Segment Start: Data below

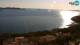 Drage 01.07.2025 18:19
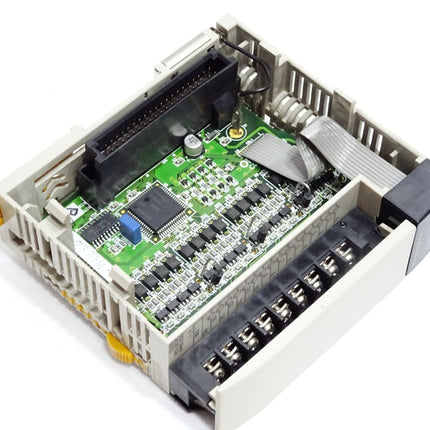Omron Output Unit OD212 CQM1-OD212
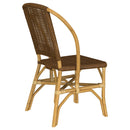 Lexley Dining Side Chair - Golden Linens & Furniture (PA)*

Segment End: Data below

**The task**: Every word of the data should be reproduced exactly; please omit any pictures.

**Expected answer**:
 Drage 01.07.2025 18:19
Omron Output Unit OD212 CQM1-OD212
 Lexley Dining Side Chair - Golden Linens & Furniture (PA)*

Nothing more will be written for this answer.